Three Rampart Scandal Officers Get $15 Million
They win their federal lawsuit claiming false arrest by the LAPD and malicious
prosecution. A juror cites a lack of `any hard evidence.'
By Scott Glover and Matt Lait, Times Staff Writers
February 10, 2006
A federal jury on Thursday awarded $15 million to three Los Angeles police officers who
alleged they were falsely arrested and maliciously prosecuted during the Rampart
corruption scandal that roiled the LAPD for years beginning in 1999. The jury award
represents a bitter pill for the city, which already has doled out about $70 million in
Rampart-related settlements to gang members, drug dealers and other victims of police
abuse — and now faces the prospect of paying another significant judgment to officers
who were accused of committing some of that same misconduct.

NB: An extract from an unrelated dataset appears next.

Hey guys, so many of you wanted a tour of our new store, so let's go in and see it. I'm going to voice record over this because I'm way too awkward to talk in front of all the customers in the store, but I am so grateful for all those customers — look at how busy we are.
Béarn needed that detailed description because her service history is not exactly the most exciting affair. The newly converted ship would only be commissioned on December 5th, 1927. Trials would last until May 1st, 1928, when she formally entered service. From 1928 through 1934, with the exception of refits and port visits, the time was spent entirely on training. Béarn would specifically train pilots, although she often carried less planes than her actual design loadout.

The Orange County jury deliberated for 2 1/2 hours before voting unanimously in favor
of Sgt. Edward Ortiz, Officer Paul Harper and former Sgt. Brian Liddy. The award was
split evenly among them. "It was real, real obvious that they were made the fall guys,"

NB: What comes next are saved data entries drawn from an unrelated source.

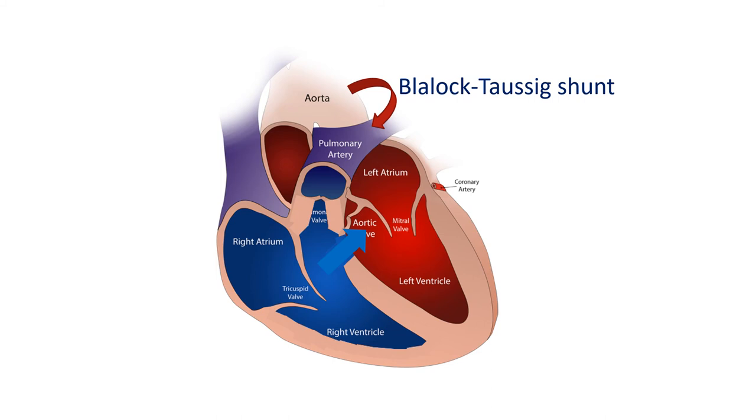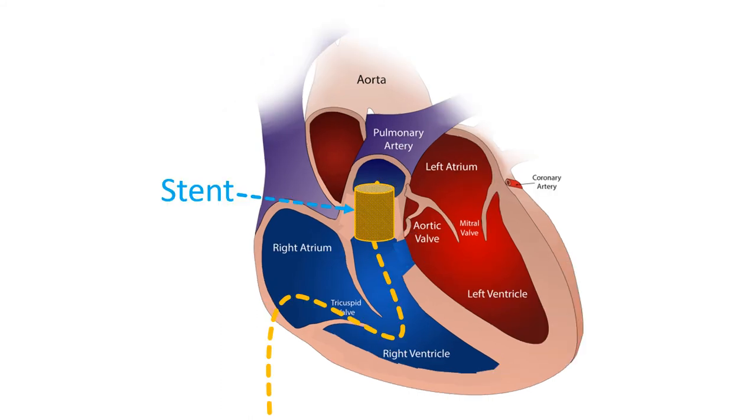In advanced centers, direct repair of the birth defect may be done without resorting to a temporary BT shunt. As worsening of cyanosis in cyanotic spells is due to transient worsening of obstruction to blood flow to the lungs, insertion of a metallic spring-like support called a stent in the obstructed region is another option. This procedure can be done using small tubes known as balloon catheters introduced through the blood vessels of the groin, and avoids a major surgery.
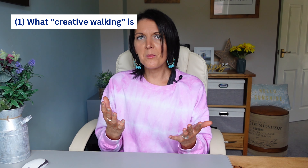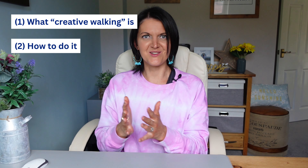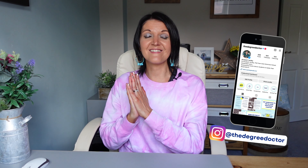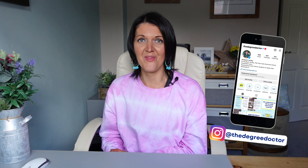Creative walking is actually a thing, and we're going to learn all about it in this video. By the time you get to the end, you will know what creative walking is and you will be ready to go on your first creative walk. I'm Dr. Elizabeth Yardley, and over the last 20 years I have supported many PhD students on their doctoral journeys, and I've got a PhD myself.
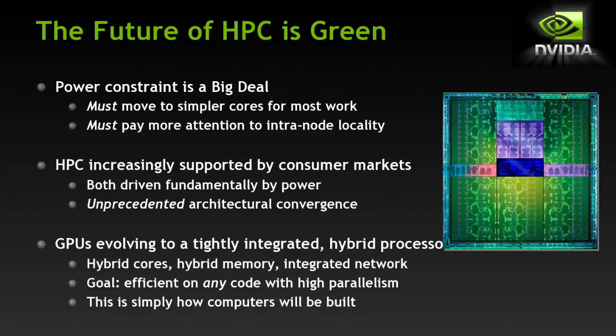Furthermore, HPC is increasingly supported by consumer markets. There's a game conference attended by 200,000 gamers with a sea of monitors, each running a 10 teraflop computation sustained for hours. This is a market driving the need for high bandwidth, high performance per watt, and in many cases the very same algorithms we use in HPC.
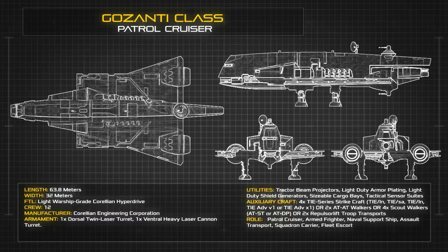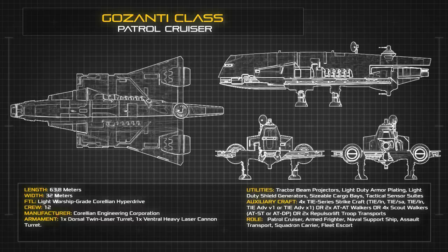Under Imperial service, a standard Gozanti carries a crew of 12, with space for an additional 12 passengers, most often including TIE pilots and embarked stormtroopers. The Gozanti carries only light armour and passable shield systems, sufficient for policing trade lanes or engaging minor pirate groups, but terminally inadequate when faced with military grade weapons systems.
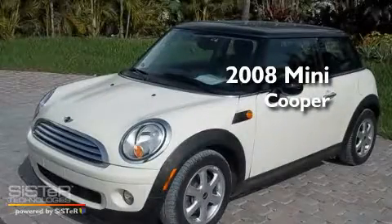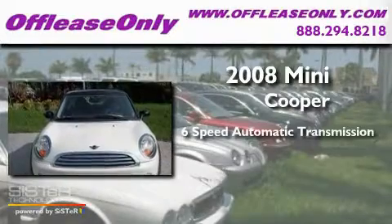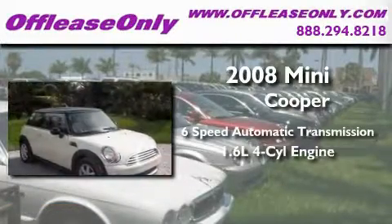This is a 2008 Mini Cooper. This car has a six-speed automatic transmission and an inline four-cylinder engine.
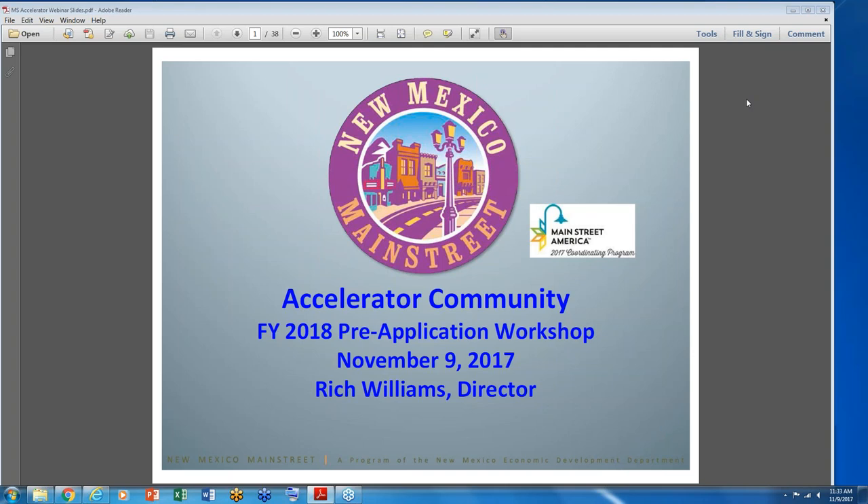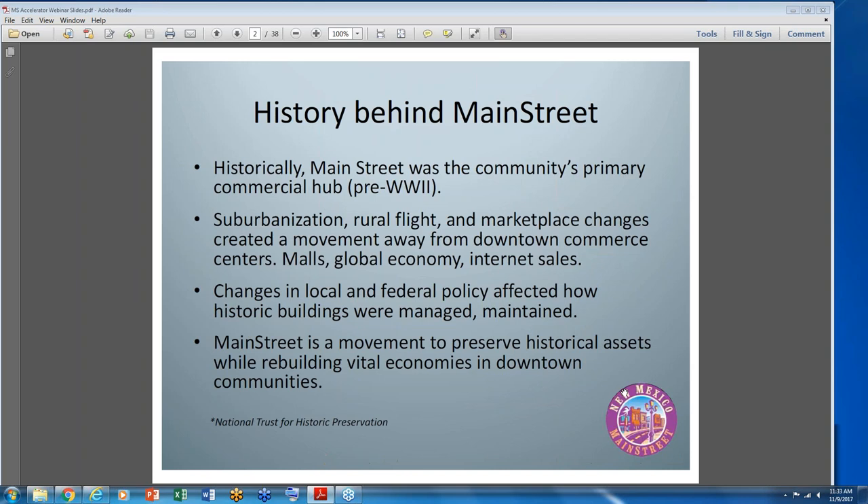Welcome to the accelerator community pre-application workshop for 2018. Today we'll be going through the Main Street program, which is our most comprehensive program in the state of New Mexico. We are accredited and licensed by the National Trust for Historic Preservation's subsidiary program called the National Main Street Center.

said juror Rose McKay. "We listened to the evidence for three weeks and never heard
any hard evidence against them."
Dale Goldfarb, a private attorney hired to defend the city, said he disagreed with the
verdict and planned to challenge it in post-trial motions. "We think the verdict was
completely wrong and was not supported by any evidence at the trial," he said. A
spokesman for Mayor Antonio Villaraigosa said the city probably would appeal if those
motions failed. "It's obviously a significant amount of taxpayer money," spokesman Joe
Ramallo said. "It's serious."
The verdict could hardly come at a worse time for the mayor. Villaraigosa, who has
pledged to expand the Police Department and tackle other city needs even as the
government faces a persistent structural deficit, is working to prepare the first city budget
of his tenure since being elected last year. The $15 million, Ramallo noted, would be
enough to fund 150 more police officers.
Ortiz, Liddy and Harper were arrested in April 2000 on corruption-related charges
stemming from the then-unfolding Rampart scandal, in which corrupt former Officer
Rafael Perez alleged that he and his colleagues routinely framed, beat and otherwise
mistreated suspects. After a month-long criminal trial, Harper was acquitted of all
charges. Liddy and Ortiz were acquitted on some counts but convicted along with another
officer of obstruction of justice. Their convictions were thrown out, however, after the
judge concluded that she had committed an error that tainted the verdict.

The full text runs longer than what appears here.